Con unas gotas de simpática coquetería y buena prosa, Antonio Pereira hace en La divisa en la torre recuento de lugares y personas, una especie de memorias fragmentarias que se leen de un tirón. De todos los episodios, me tocan tres: uno, un recuerdo anecdótico de un viaje a Palermo, sin demasiada chicha; dos, un vago encuentro con Borges en Buenos Aires; y por último, unas elogiosas palabras para el poeta Juan Carlos Mestre, que de pronto han activado algún resorte dormido de mi propia memoria y me han hecho sonreír.
De Mestre me había hablado con fervor Paquita Aguirre, y lo que diga mi Paca va a misa, de modo que cuando supe que venía a leer poemas a Cádiz fui el primero en la puerta. Creo que también asomó por allí ese cacho de pan que es Juan Carlos Sierra, y por fin apareció el poeta. Y pare usted de contar. No había llegado ni el eventual presentador, que si no me equivoco era Enrique García-Máiquez. El pobre Mestre, que también es músico, venía cargado con un estuche enorme donde guardaba algún raro instrumento. Pero nos quedamos con las ganas: diez minutos, veinte minutos... nadie.

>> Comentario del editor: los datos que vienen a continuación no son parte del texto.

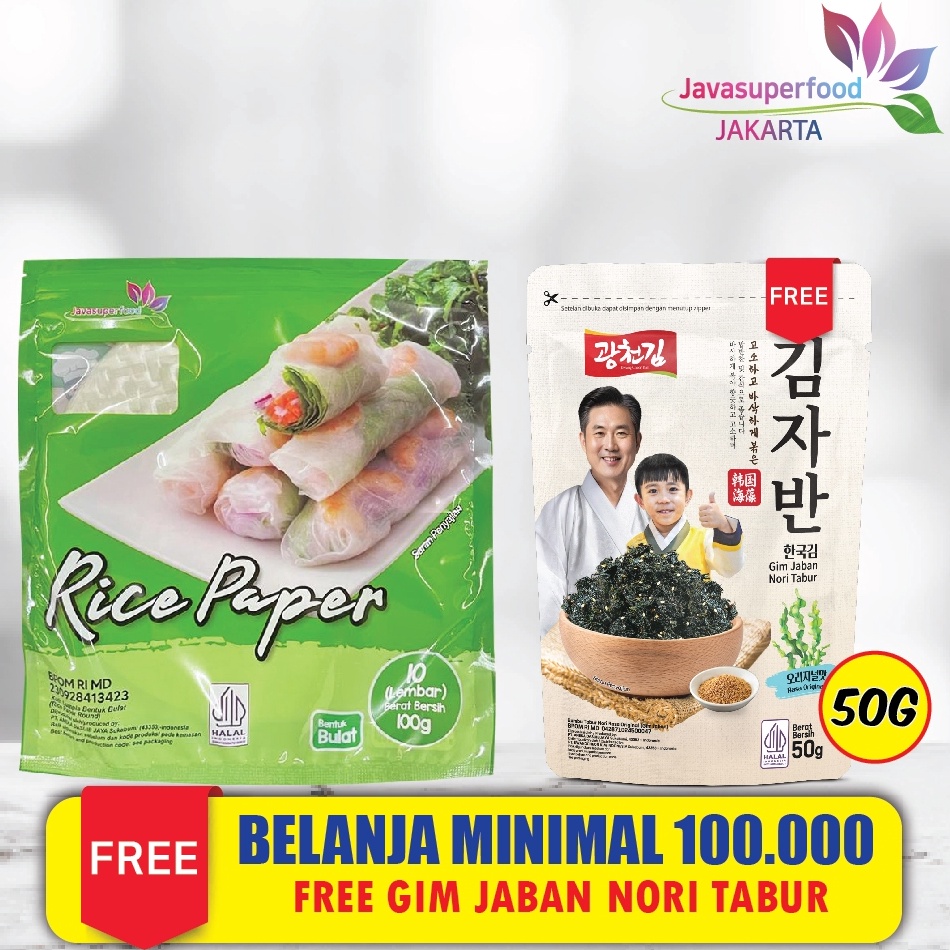 

BFH469 Terlaku BELI 3 GRATIS 1 Rice Paper Banh Trang High Quality Rice Paper Kulit Lumpia Vietnam Rice Paper rice roll spring roll 5g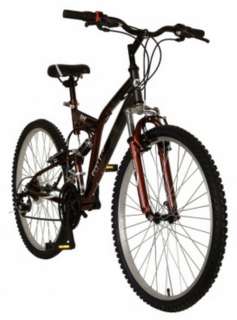 New 21 Speed Mens 26 Mountain Bike Dual Suspension Bicycle All 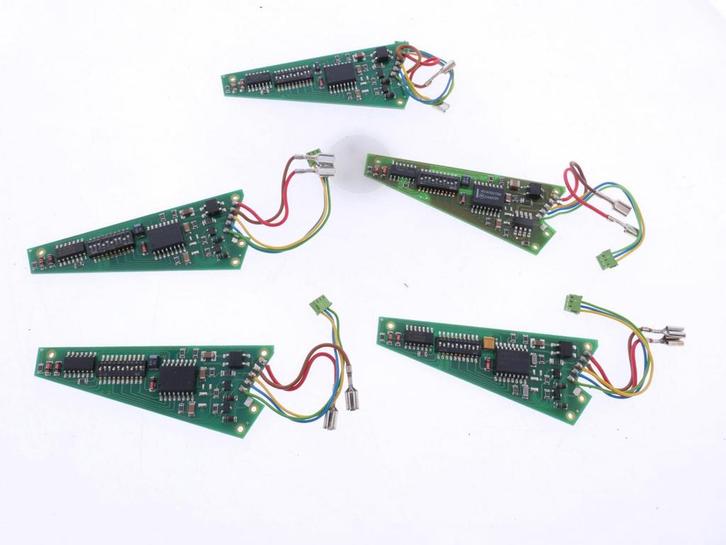 Schaal H0 Märklin 74460 wisseldecoders set van 5 st. #9035, Hobby en Vrije tijd, Modeltreinen | H0, Rails, Gebruikt, Märklin, Ophalen of Verzenden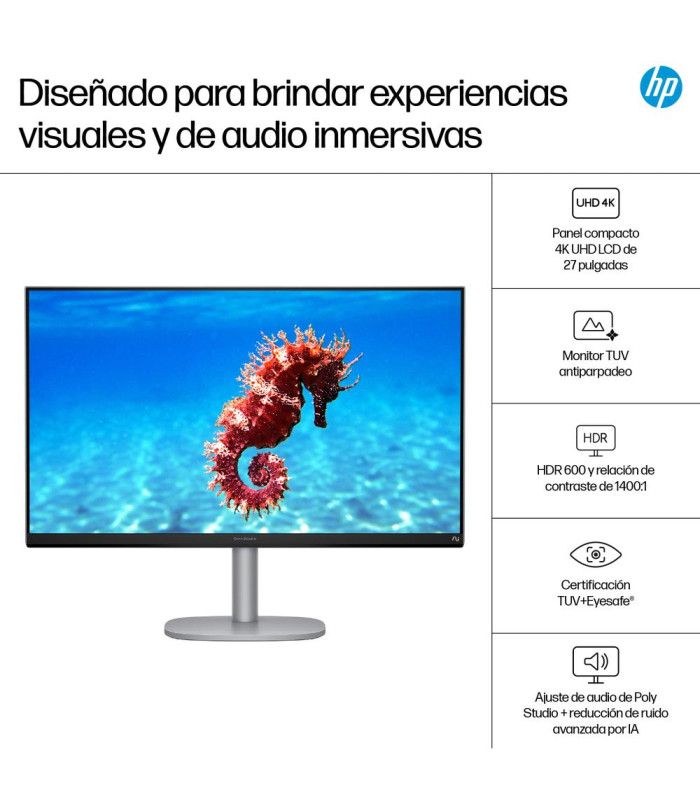 Ordenador all in one hp 27 - cs1008ns u5 - 266v -  16gb -  ssd 1tb -  27 pulgadas fhd -  w11h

Cualquiera que participe en un acto similar, una lectura o un concierto, sabe que son muchos los llamados, pero puedes encontrarte en aquella situación que Borges contaba con arte: "Si llega a faltar uno más, no cabe". En fin, que nos fuimos a La Manzanilla, que bebimos y conversamos, y que fue un lindo encuentro. Sólo faltó que interpretara algo con aquel trasunto de acordeón. Y como la lectura la pagaba la Administración, luego a Juan Carlos y a mí nos quedó la culpable sensación de que nos habíamos aprovechado del erario público para nuestro goce exclusivo. Pero cuando salimos a la calle, con unos cuantos sorbos de oro líquido en el cuerpo, nadie corrió a detenernos.